FermataMolly Brown
Strange, the flare of envy
to watch them play, old
enough to be their mother,
though the outcropping
of parents clustered along
the sagging chainlink
knows I am not one of them,
though one might think it
want, the small part of me that fills
in this and other obligatory desires.
The boys’ shirts, emblazoned
with the local tire shop
in place of their names, almost neon
in the glare of the tall lights,
bunch and balloon at their waists,
small wrists bending under
the weight of gloves, their little hands,
small shoes, overly-Velcroed
hats. Their catalogue of smallness.
How exhausting those gloves must be.
The tree frogs swell and bats chirp
their metal joy through the air.
The parents swap secrets,
how often they’ve fished
out gum and seeds, little twists
of tape from pockets, saved things.
They are wiser than I’ll ever be.
This team, these friends enshrined
in the carwash lobby, over the deli counter—
how much the world will take from them.
Another ball lops off into the night,
clouds of mosquitos moth-thick,
and another round of ribbing peppers
pitcher, then batter, then volunteer ump.

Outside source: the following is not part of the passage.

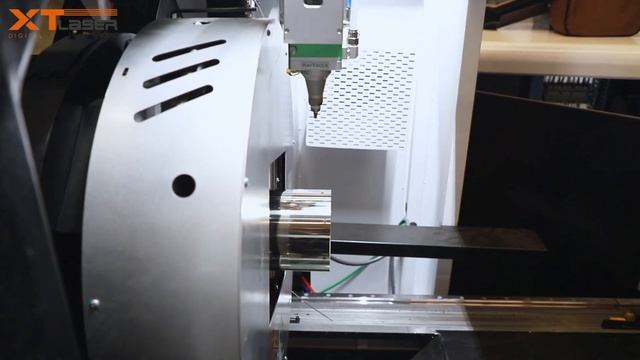 QT220 light pipe laser cutting machine, customized 30-40mm tail material machine смотреть онлайн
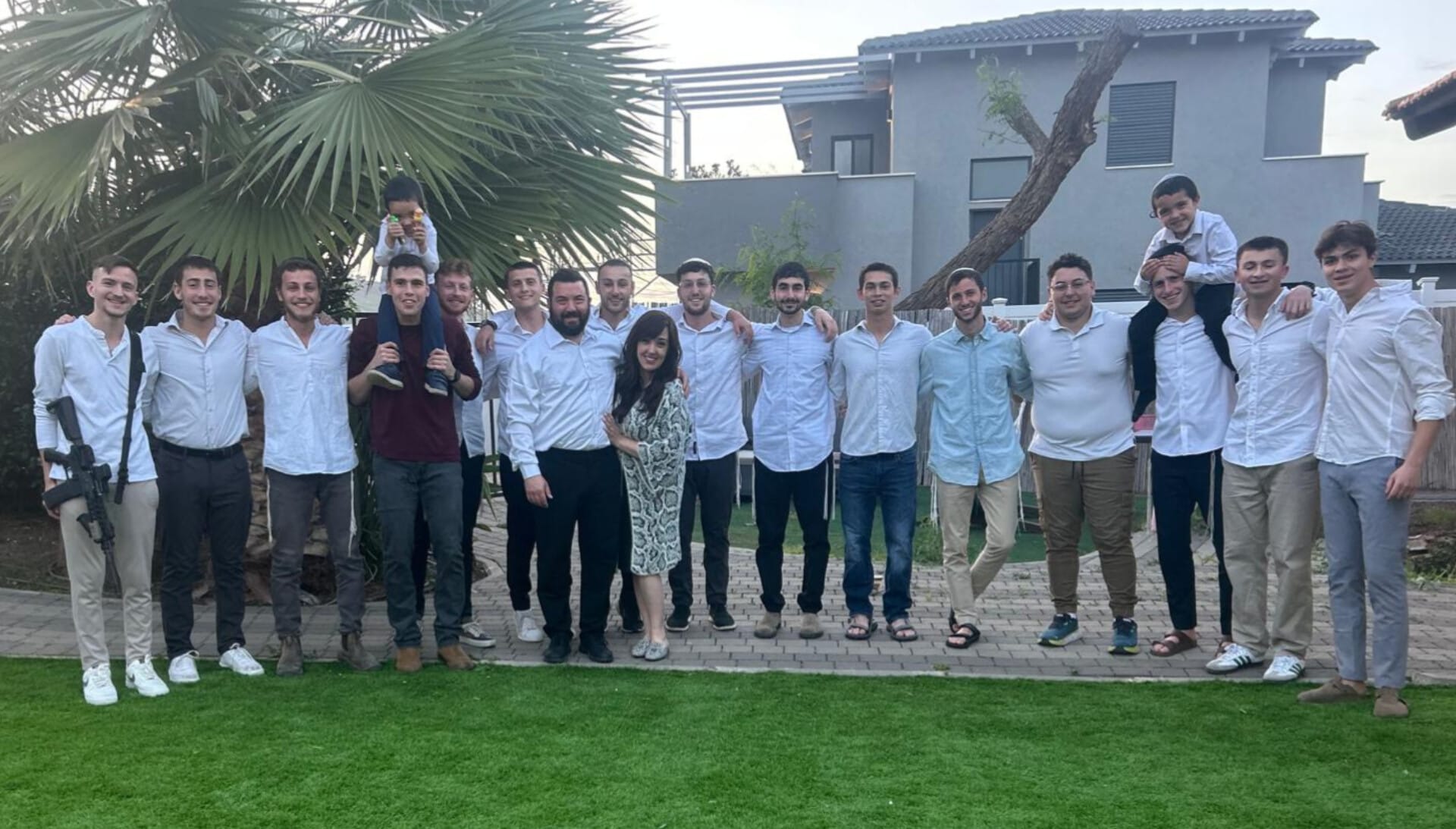 15th-Shabbaton-Group-Shot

Back in the dark house the same game,
announcers’ low voices, silences warm
and alive with the ballpark’s background,
and I am standing here, stranger to these
mothers and fathers and boys, watching
another endless game join the endless
families and coaches, dogs both rowdy
and old, all the patient siblings
more interested in the dirt, whatever’s on
the screen, benevolent, beatific gift of glow
bracelets. I’ve watched it all from here outside
the fence; farther back among the irises, heavy
hydrangeas like ghosts in the dusk; farther still,
the porch threshold, ducking
wildly around the wren house
as it comes upon me in the dark.
I’ve watched it all, known them all
in this faraway way, loved them even
for their littleness and all their lives hold.
Once I thought my life could hold so much.
How can it be that I’m still standing here?